With plastic now polluting every corner of the globe, plastic pollution remains one of the greatest blights on the world’s oceans. From compostable coffee cups to biodegradable plastic bags, the issue is leading to rapid changes in the attitudes of designers towards their projects. One such product is the Adidas x Parley shoe—footwear partially manufactured from recycled ocean plastic.

“There’s really been a huge realisation in the last few years that we have to start working in a completely different way and be conscious of creating real sustainable products and implementing real sustainability in production,” explains Alexander Taylor, the lead innovation and design consultant behind the Adidas x Parley collaboration.

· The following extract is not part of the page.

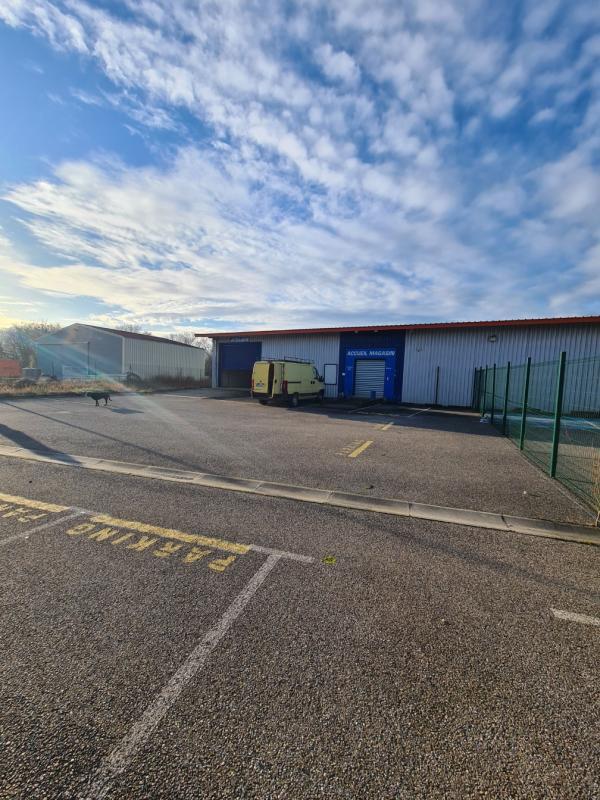 Atelier d'activités - 500 m²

Alexander was first invited to work with Adidas in 2008 on a project for the 2012 Beijing Olympics: the Adidas PrimeKnit shoe. The project focused on proposing new ways of manufacturing footwear which sat outside the regular toolbox of the industry at the time, and Alexander’s experience in industrial design proved to be more than innovative. “I’d never designed a shoe before—my proposal at that time involved knitting,” he says. “By taking technology from the furniture world and using knitting as a key technology, I proposed that we make some shoes.”

A single process

It was on the back of that project that Alexander was invited to do more work with Adidas, oriented towards proposing new sustainable technologies, processes, and materials. “It was normal at that time to have fifteen to twenty individual pieces going into each shoe—these would be cut out and sewn together to add support or functionality,” he explains. “My brief right then was to see if we could cut out all the pieces and try to make the upper part of the shoe out a single piece of material, using a single process.”

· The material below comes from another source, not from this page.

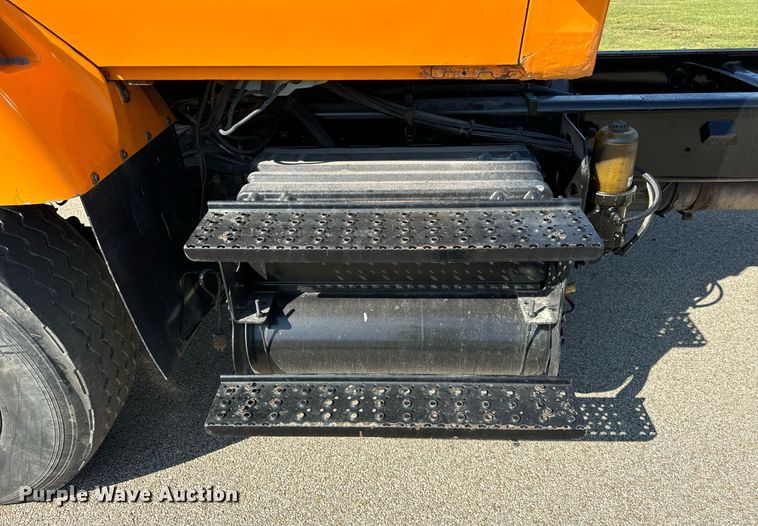 image for item DT2012 2009 International  WorkStar 7600 truck cab and chassis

Since then, Alexander and the team have developed a number of different technologies, including a fibre placement technology that enabled the creation of the Parley shoe. The intersection of new technologies (such as 3D printing) and the urgency of sustainability has, Alexander argues, offered designers a new direction. “Rather than just focusing on the physical object itself, there’s an opportunity now for designers to have a conversation—and be part of changing the whole process of creating an object at every level. Every aspect of creating a new project becomes a whole system. That’s where designers have an opportunity to really make a difference—more than ever before. We can work in ways where we can imagine engineering products in a way that is cleaner and smarter. We can also consider the afterlife of the product and where it’s manufactured so that we can move towards local sustainability.”

The Parley shoe was a perfect example of this. “It relied on so many different factors coming together at the same time—and it just clicked,” finishes Alexander. “The shoe had the visual of the waves, and spoke to the cause in that way—it came together intuitively. That’s another tool for designers. You don’t just see the process and the material but there’s a communication within the product itself.”